We don't have time to wait for the worst offenders to change their ways before improving our own carbon footprint. Per capita Australia is pretty bad.

Australia could be carbon neutral in a few years if it wanted to. They have immense potential for renewable energy.

All this is true. And yet the same arguments didn’t stop us from doing our, admittedly small, part in stopping the use of CFC’s to repair the ozone hole. Our part included curtailing our own use and arguing for global action. Suffice to say that global action made a measurable and undeniably effective impact.

Imagine a child being constantly smacked by bullies. Another child that “only” smacked the first once every few weeks is no less culpable than those that smack it multiple times a day.

The reefs are already lost unless you believe we manage to become carbon neutral before 2040 or so. At 2° almost all coral will die. Already at 1.5° the majority will die.

For balance, I would point out that there is an alternative point of view: https://www.youtube.com/watch?v=M7j75L38PlI

I find it hard to know what to believe. 5 years ago it seemed clear everything was going to hell in a handbasket, now I'm more sceptical, a lot more sceptical, but ultimately unsure.

I'd feel a lot less sceptical if those disagreeing weren't immediately crushed and silenced. If they are so clearly wrong, surely it is easy to show that? Moral emergencies cause humans to behave very badly. Lynch mobs and all that, or Cursaders up to their knees in blood on behalf of their God.

Before you draw too many conclusions from the outcome of the professor's unfair dismissal trial, please bear in mind what the judge said in passing judgment:

“Media reports have considered that this trial was about silencing persons with controversial or unpopular views.

“Rather, this trial was purely and simply about the proper construction of a clause in an enterprise agreement.”

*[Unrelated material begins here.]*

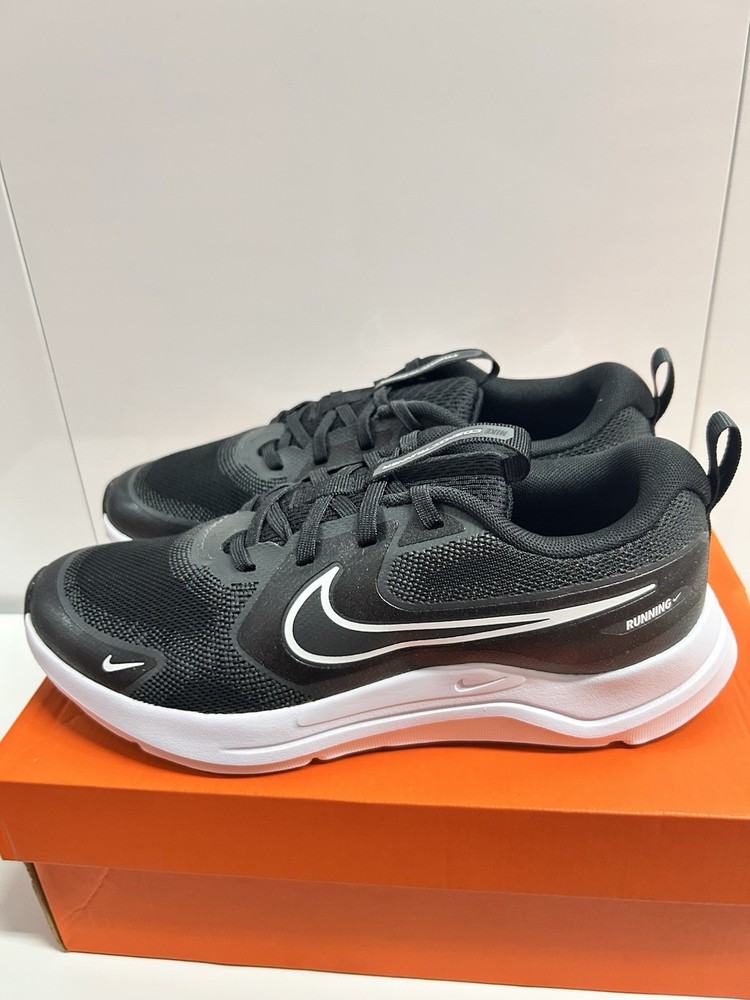 Nike Cosmic Runner GS Black White Mesh Unisex Kids Athletic Sneakers 6Y
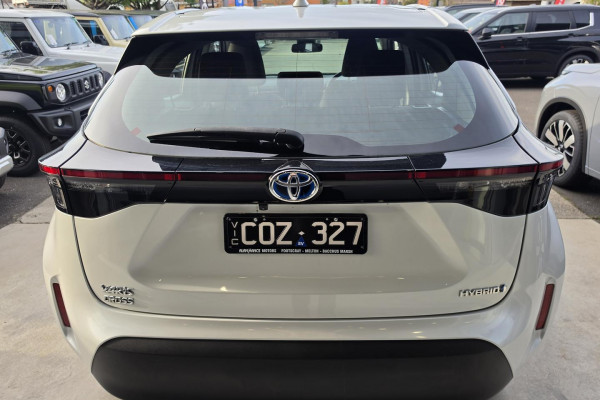 2023 Toyota Yaris Cross MXPB10R GX SUV Image 7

There are always going to be "alternative points of view" but when 99% of the world's scientists are in agreement on something it's probably worth taking their word for it.

I draw no conclusions about his legal win.

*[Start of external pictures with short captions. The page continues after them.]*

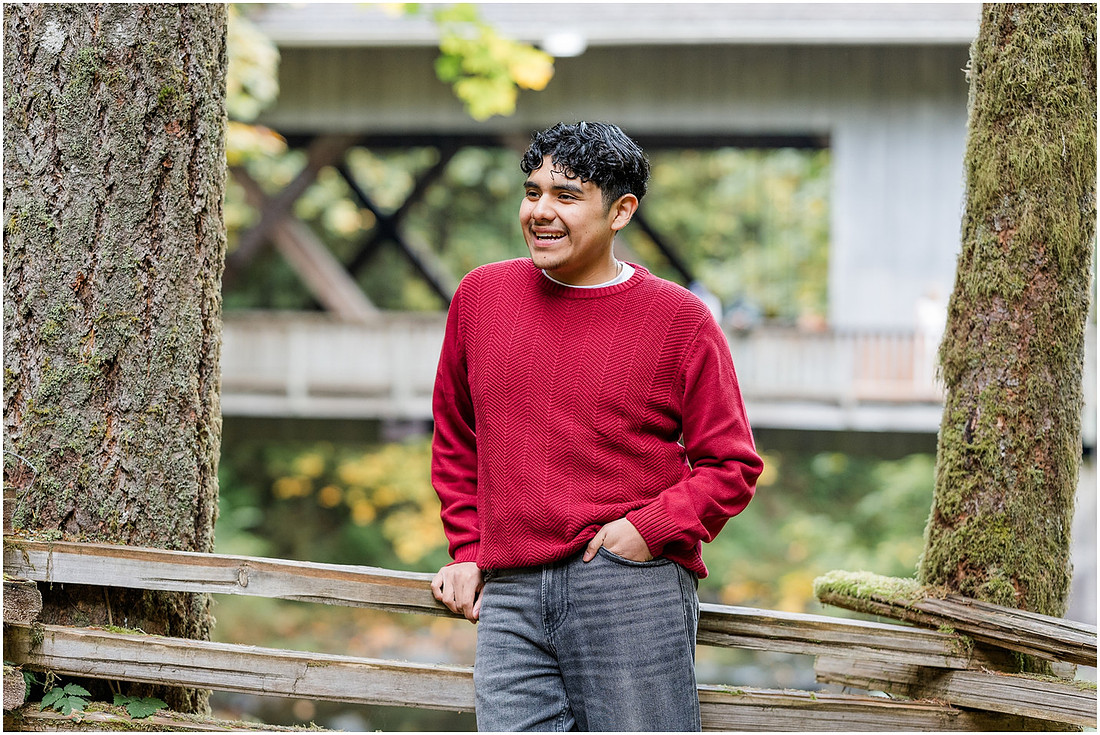 "Woodland Wa photographer", "Woodland Wa senior photographer", "Cedar Grist Mill", "Senior guy pictures"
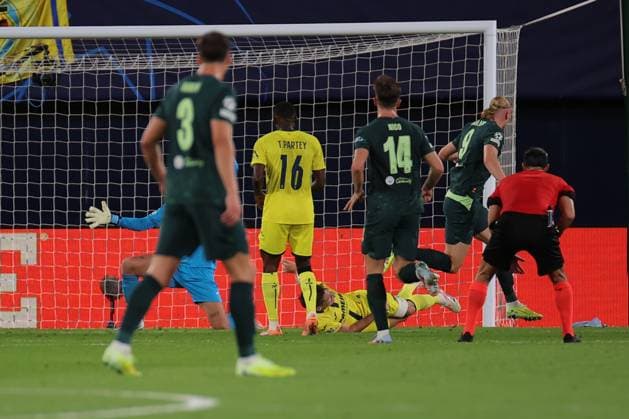 Erling Haaland ( 9 - Manchester City) scores a goal during Villarreal CF vs Manchester City FC, UEFA Champions League football match in Vila-real, Spain, October 21 2025  Copyright: xNicolaxMastronardi IPAxSportx xipa-agency.netx xx IPA_66904317 IPA_Agency_IPA66904317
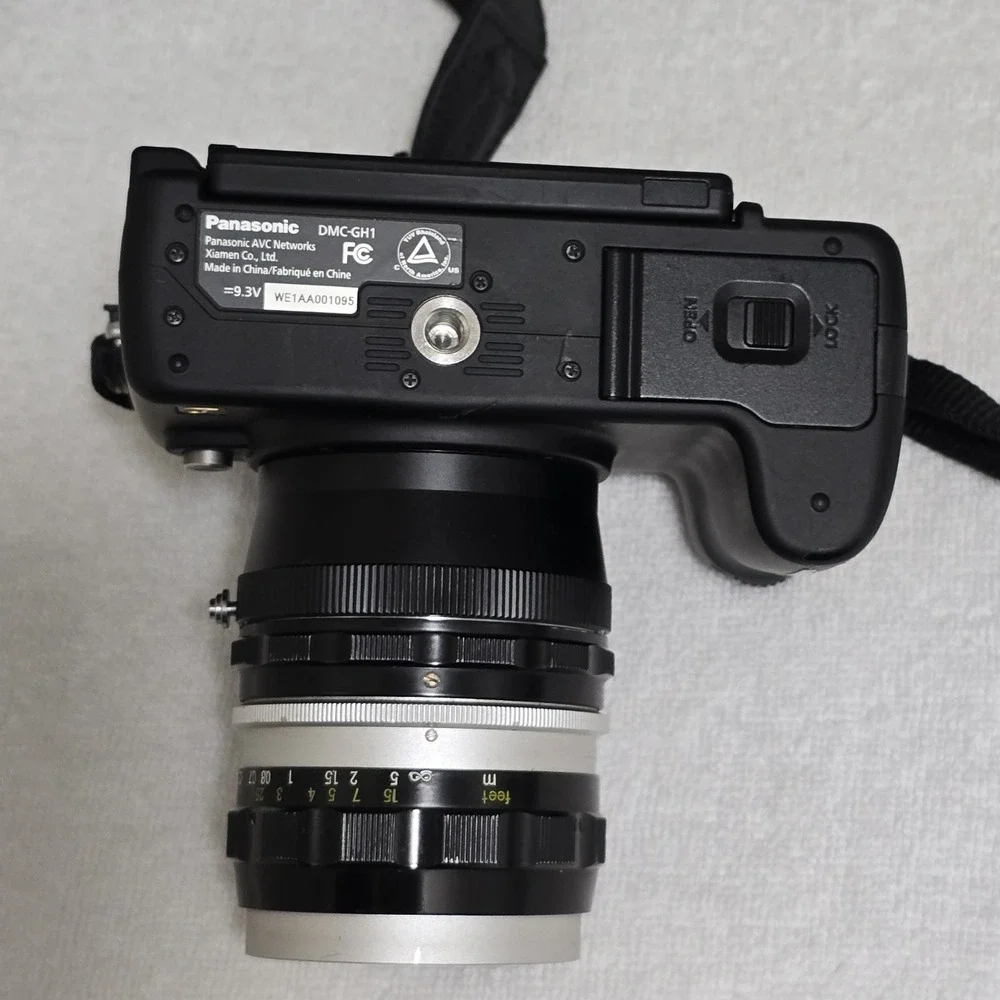 Panasonic Lumix DMC-GH1 Mirrorless Camera Bundle Nikon 35mm f/2.8‎ Lens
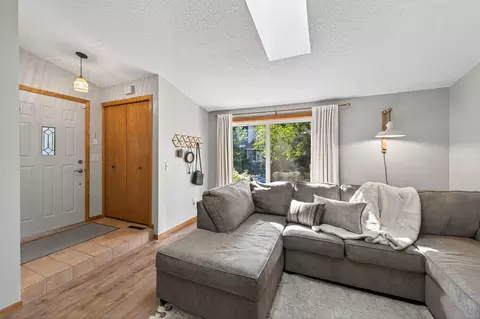 5325 Highpointe Ter, Bloomington, MN 55437 photo 6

But I do note that he is a scientist who worked on the reef and he completely disagrees.

I additionally note that he was pretty aggressively silenced and his livelihood taken away, "unfairly" according to the courts. I worry that this is how you get to 99% - crushing dissent through intimidation, and not debating? He says he only spoke up because he was so close to retirement age, and he was only able to achieve a legal win because of crowdfunding. Most other scientists are not in that position - the consequences of speaking up would appear terrifying.

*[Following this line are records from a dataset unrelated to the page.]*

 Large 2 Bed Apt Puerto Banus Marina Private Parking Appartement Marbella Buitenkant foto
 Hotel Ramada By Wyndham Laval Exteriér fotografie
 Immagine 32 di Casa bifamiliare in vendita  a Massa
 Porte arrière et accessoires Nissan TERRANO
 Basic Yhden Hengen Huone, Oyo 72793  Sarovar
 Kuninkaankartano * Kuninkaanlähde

Dunno, maybe he is a complete crank, but you can see how it might give a dispassionate observer pause for thought and a bit of discomfort.

Maybe I'm just lazy but I'm pretty sure I'll never be an expert in climate science. So when a near consensus of actual experts in climate science say that something is happening I'm happy to believe them and move on to pondering other mysteries that aren't so clear-cut.

That this guy opposes that consensus and takes funding from interest groups like the IPA, mining companies and cane growers leads me to another, quite possibly equally lazy conclusion.

That he was not treated fairly, I'll take the judge's word on that, too. The university's position was, ironically, partially about the quality of the debate:

“The University has not objected to Professor Ridd's right to comment on quality assurance.

However, the University has objected to the manner in which he has done this. He has sensationalised his comments to attract attention, has criticised and denigrated published work, and has demonstrated a lack of respect for his colleagues and institutions in doing so. Academic rebuttal of his scientific views on the reef has been separately published.”

"near consensus" .. yeah I've come to realise that this is not as straightforward as it is often presented.

For a start, a scientist would not find the term "consensus" at all compelling. Things are either proven or disproven when it comes to science. "Percentage of Consensus" is more about social engineering, and it is more something a journalist might seize upon.

But if you DO want to use the figure ... it has been pointed out that the 97% figure generally quoted came from a survey. Another survey at precisely the same time showed 51%. Which survey should be used? As I understand it, the 51% one apparently had a bigger sample size. One certainly sounds a lot less certain than the other.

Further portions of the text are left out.